Use of the surface-based procedure is straightforward. Two surfaces must be defined on the beam or shell: one on the SPOS side and one on the SNEG side. Each surface is then coupled to the fluid using a tie constraint. At least one of the two surfaces on the beam or shell must be a master surface.
In Abaqus/Standard, if the same nodes are used for the fluid and the beam or shell, acoustic interface elements must be used in the following manner to define acoustic-structural coupling on both sides of a beam or shell element:
- Define a second set of nodes coincident with the beam or shell nodes, and constrain the motions of the two sets of nodes together using a PIN-type MPC (“General multi-point constraints,” Section 35.2.2).
- Use the first set of nodes to line one side of the beam or shell elements with acoustic interface elements (with the normals of the acoustic interface elements pointing into the fluid).
- Use the second set of nodes to line the other side of the beam or shell elements with acoustic interface elements (with the normals pointing into the fluid on the opposite side of the structure, as in Step 2).
- The acoustic elements on the first side of the beam or shell elements should be defined using the first set of nodes, and the acoustic elements on the second side of the beam or shell elements should be defined using the second set of nodes.
Defining the virtual mass effect (fluid-structural coupling) for beam and pipe elements
In Abaqus virtual mass effects on submerged Timoshenko beam elements can be modeled by specifying additional inertia for the beam.
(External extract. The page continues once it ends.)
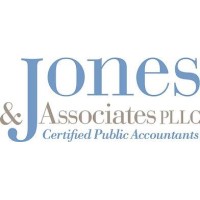 Jones & Associates LLC, CPAs logo, Jones & Associates LLC, CPAs contact details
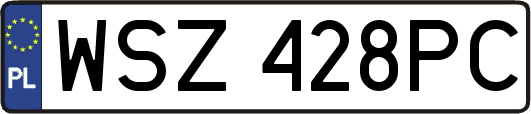 WSZ428PC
The virtual mass effects are specified as part of the section definition of the beam.
- Define the beam section (“Using a beam section integrated during the analysis to define the section behavior,” Section 29.3.6, or “Using a general beam section to define the section behavior,” Section 29.3.7), any additional internal inertia (“Adding inertia to the beam section behavior for Timoshenko beams” in “Beam section behavior,” Section 29.3.5), and the beam material properties.
- Define the virtual mass effect (“Additional inertia due to immersion in fluid” in “Beam section behavior,” Section 29.3.5).
- If the model is to be loaded using an incident wave (“Incident wave loading due to external sources” in “Acoustic and shock loads,” Section 34.4.6), define a surface or surfaces on the beam elements.
Loads
The following types of loading can be prescribed in an acoustic analysis, as described in “Acoustic and shock loads,” Section 34.4.6:
• Concentrated pressure-conjugate loading.
• An impedance condition that specifies the relationship between the pressure of the acoustic medium and the normal motion at the boundary (either element-based or surface-based). Such a condition is applied, for example, to include the effect of small-amplitude “sloshing” in a gravity field or to include the effect of a compressible, possibly dissipative, lining (such as a carpet) between the acoustic medium and a fixed, rigid wall or a structure. This type of condition can also be applied to edge facets of acoustic infinite elements.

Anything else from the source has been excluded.